**Work item**
Copy, word for word, the lines below from the one containing "VISOUL Leather Mens" up to and including the one containing "Schlafsack mit Füßen 0.5 Tog", with pictures left out.

**Data shown**

Content starts

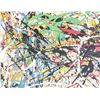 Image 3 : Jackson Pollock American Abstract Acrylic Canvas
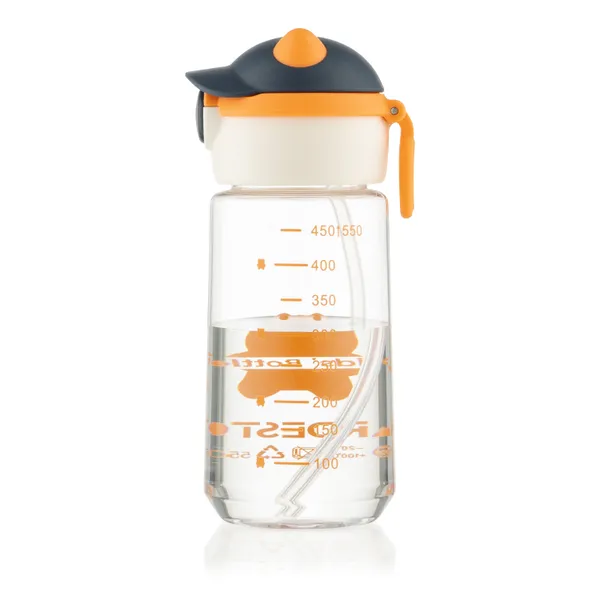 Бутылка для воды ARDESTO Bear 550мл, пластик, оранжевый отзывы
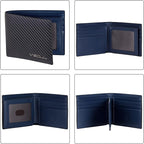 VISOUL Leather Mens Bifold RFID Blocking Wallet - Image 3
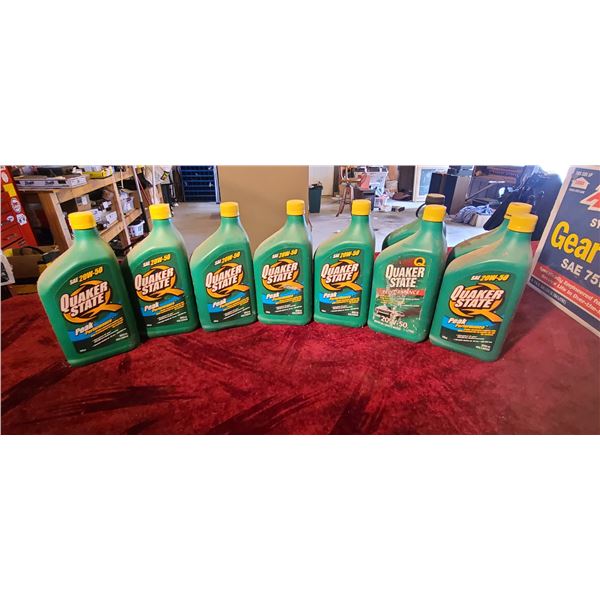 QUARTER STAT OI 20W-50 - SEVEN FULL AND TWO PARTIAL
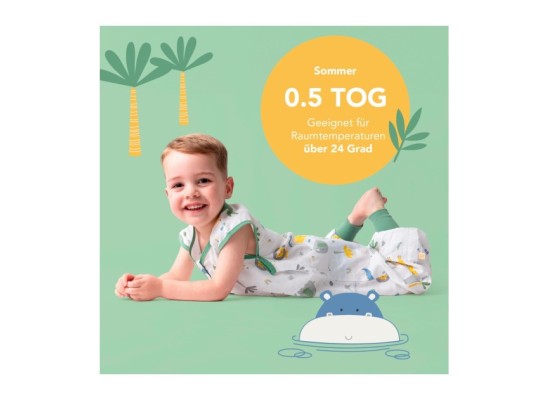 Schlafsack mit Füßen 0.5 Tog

Content ends
Content starts

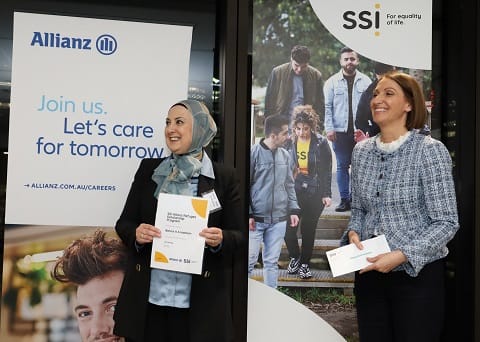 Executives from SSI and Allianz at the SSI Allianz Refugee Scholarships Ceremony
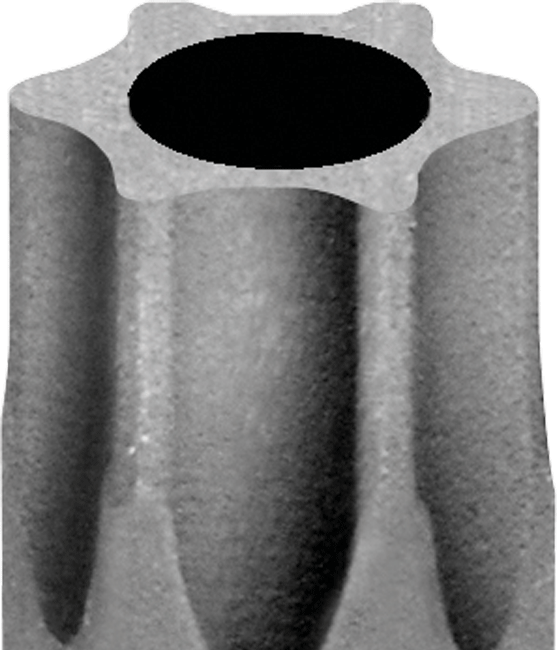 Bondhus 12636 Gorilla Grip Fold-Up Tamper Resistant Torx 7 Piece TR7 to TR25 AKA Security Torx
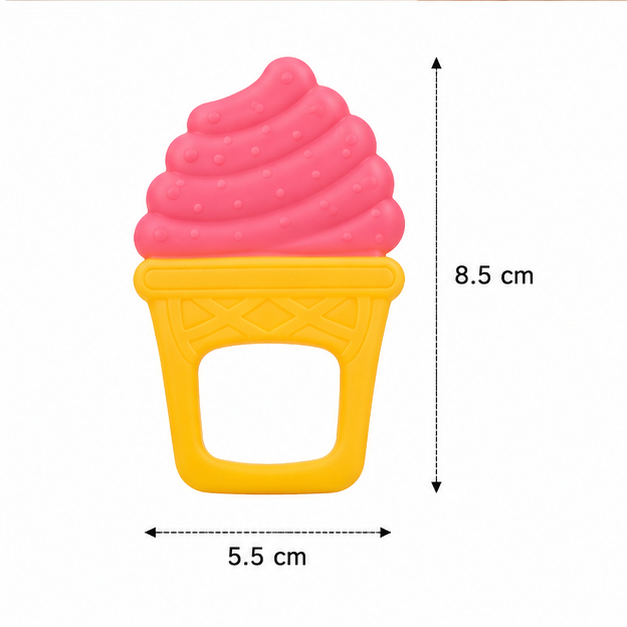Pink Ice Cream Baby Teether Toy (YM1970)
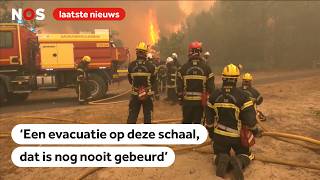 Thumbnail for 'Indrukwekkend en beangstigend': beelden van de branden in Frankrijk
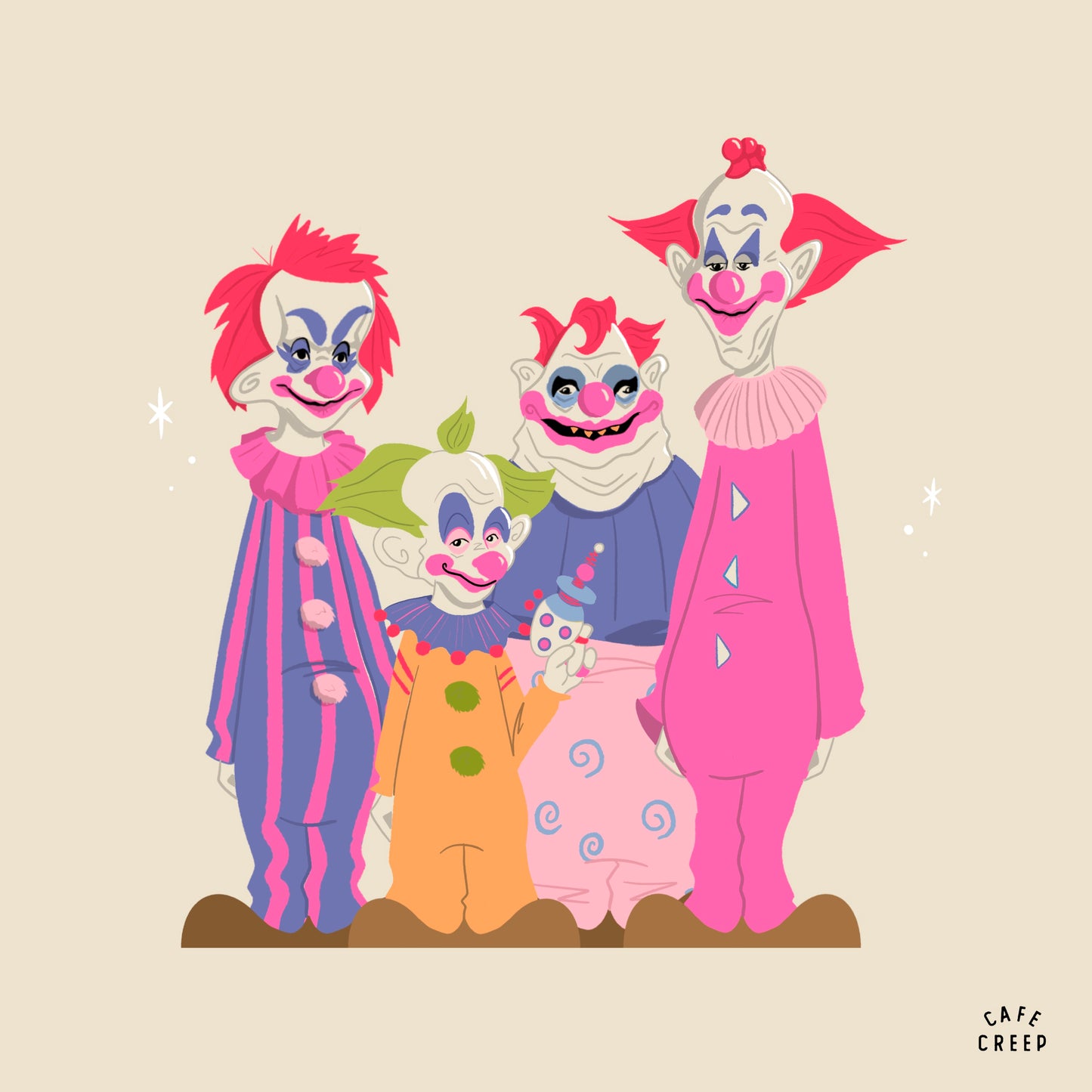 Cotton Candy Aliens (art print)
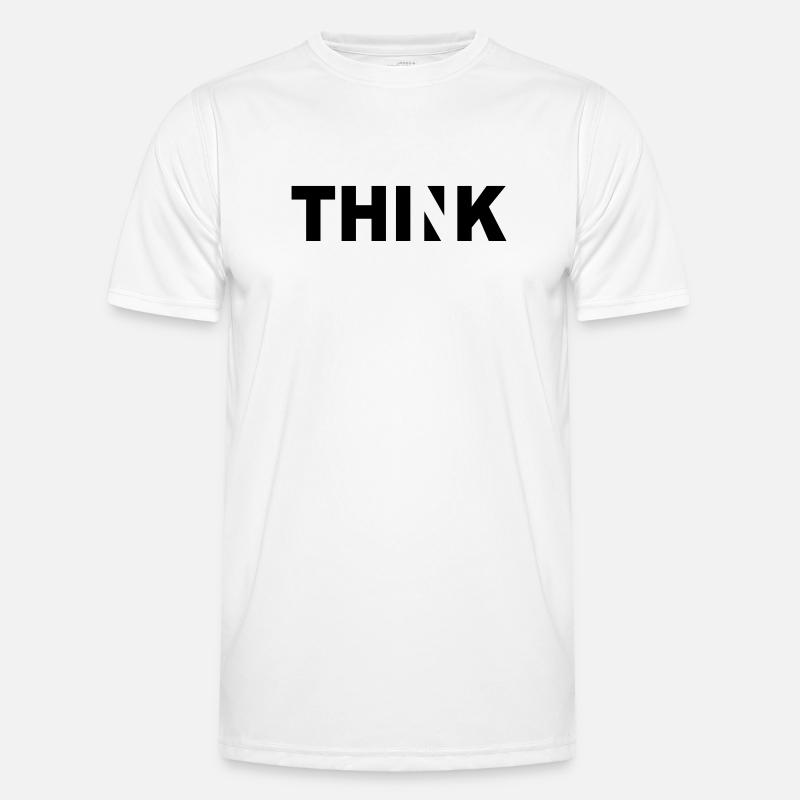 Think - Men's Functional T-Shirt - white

Content ends
Content starts

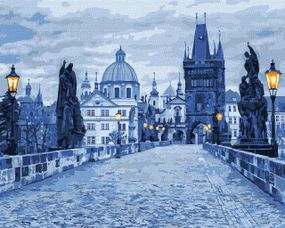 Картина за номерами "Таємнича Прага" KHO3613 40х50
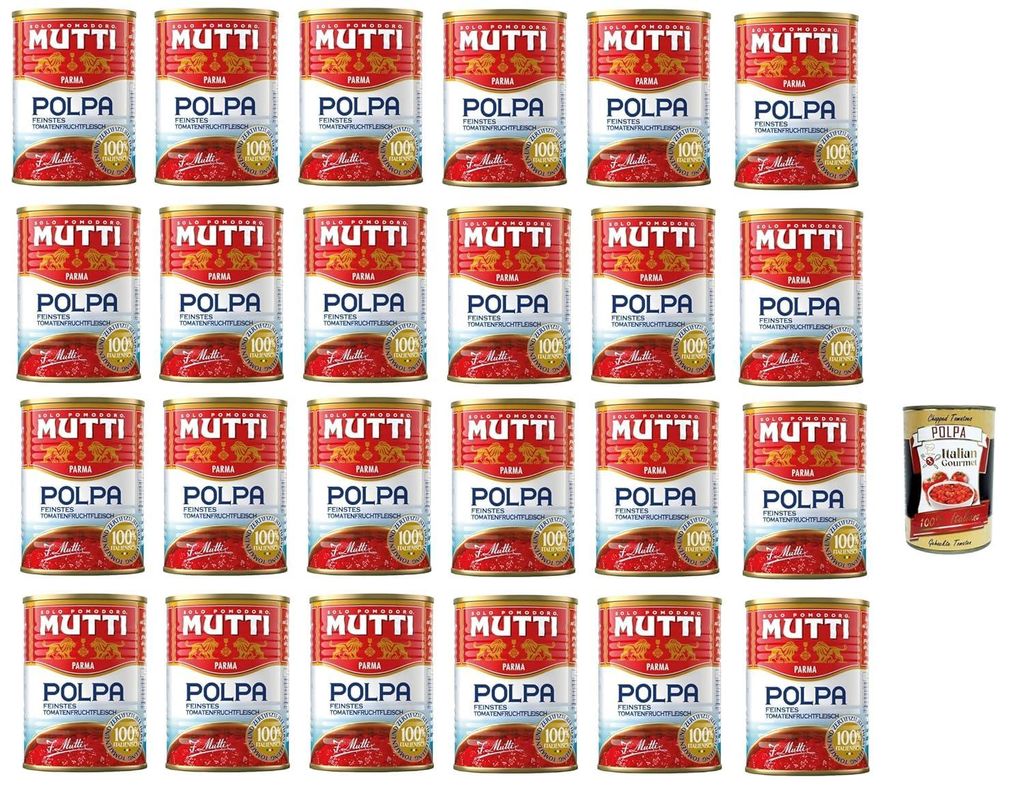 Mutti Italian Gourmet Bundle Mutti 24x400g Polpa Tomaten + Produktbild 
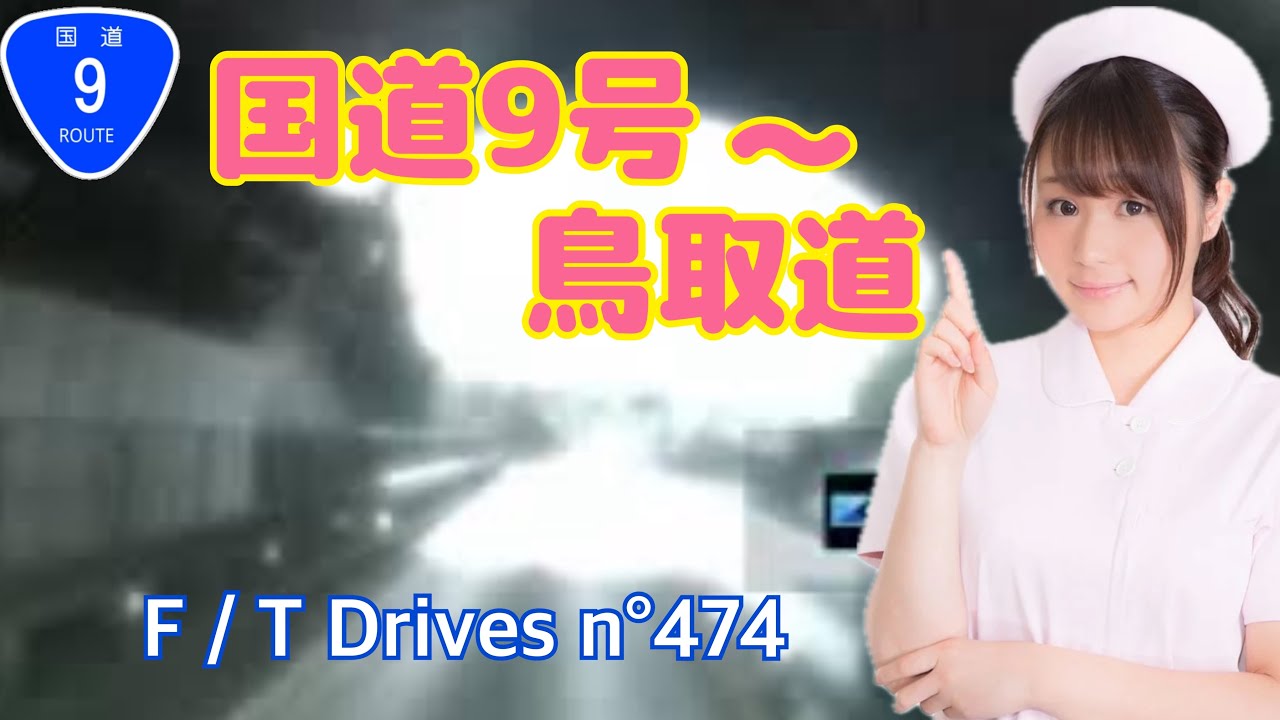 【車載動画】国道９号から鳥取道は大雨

Content ends

**Answer to the exercise**
 VISOUL Leather Mens Bifold RFID Blocking Wallet - Image 3
 QUARTER STAT OI 20W-50 - SEVEN FULL AND TWO PARTIAL
 Schlafsack mit Füßen 0.5 Tog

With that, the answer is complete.